Namun, di tengah proses kerja sama tersebut, korban mengaku tidak mengetahui adanya pelunasan sertifikat maupun transaksi lanjutan yang dilakukan oleh pihak-pihak terkait. Hingga akhirnya, ia memperoleh informasi bahwa lahan tersebut telah beralih kepemilikan kepada pihak lain dan kini digunakan sebagai dapur SPPG.
“Saat ini dapur tersebut tetap berjalan dan sudah menghasilkan. Sementara saya, yang merasa memiliki dan membangun dari awal, justru tidak mendapatkan kejelasan,” ujar Siti Eni.
Ia juga mengungkapkan bahwa dari aktivitas dapur yang kini beroperasi, terdapat potensi keuntungan yang cukup besar setiap harinya. Kondisi tersebut dinilai semakin memperkuat rasa ketidakadilan yang ia alami, mengingat seluruh fasilitas awal, termasuk bangunan dan peralatan, berasal dari dirinya.
Lebih lanjut, Siti Eni menegaskan bahwa dirinya tidak menuntut penghentian operasional dapur secara permanen, melainkan hanya meminta penangguhan sementara (suspensi) selama proses hukum berjalan.
“Saya tidak meminta dapur ditutup, karena itu juga berkaitan dengan program yang lebih luas. Saya hanya meminta agar aktivitasnya disuspensi sementara sampai ada kejelasan hukum,” tegasnya.

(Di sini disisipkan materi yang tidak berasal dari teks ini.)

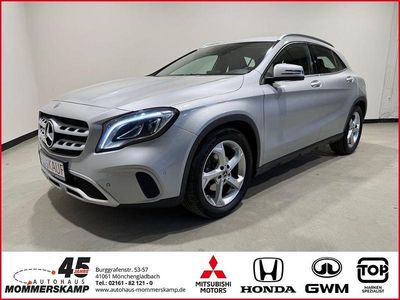 Grau Gebraucht 2017 Mercedes GLA200 Business SUV | 19.980 € (Fairer Preis)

Ia juga menyoroti peran pihak terkait di tingkat wilayah yang dinilai belum memberikan respons tegas terhadap permohonannya. Oleh karena itu, dirinya meminta Camat Cibadak untuk turut mendorong koordinasi dengan pihak korcam dan korwil guna memastikan adanya langkah konkret.
Saat ini, proses hukum atas dugaan tindak pidana penjualan objek yang telah diperjualbelikan masih berjalan di kepolisian. Siti Eni berharap seluruh pihak dapat menghormati proses tersebut dan tidak mengambil langkah yang berpotensi merugikan salah satu pihak sebelum ada keputusan hukum yang berkekuatan tetap.
Sebagai langkah lanjutan, ia memberikan batas waktu hingga Rabu untuk adanya kejelasan terkait permintaan suspensi tersebut. Apabila tidak ada tindak lanjut, pihaknya berencana menggelar audiensi sebagai bentuk upaya mencari keadilan.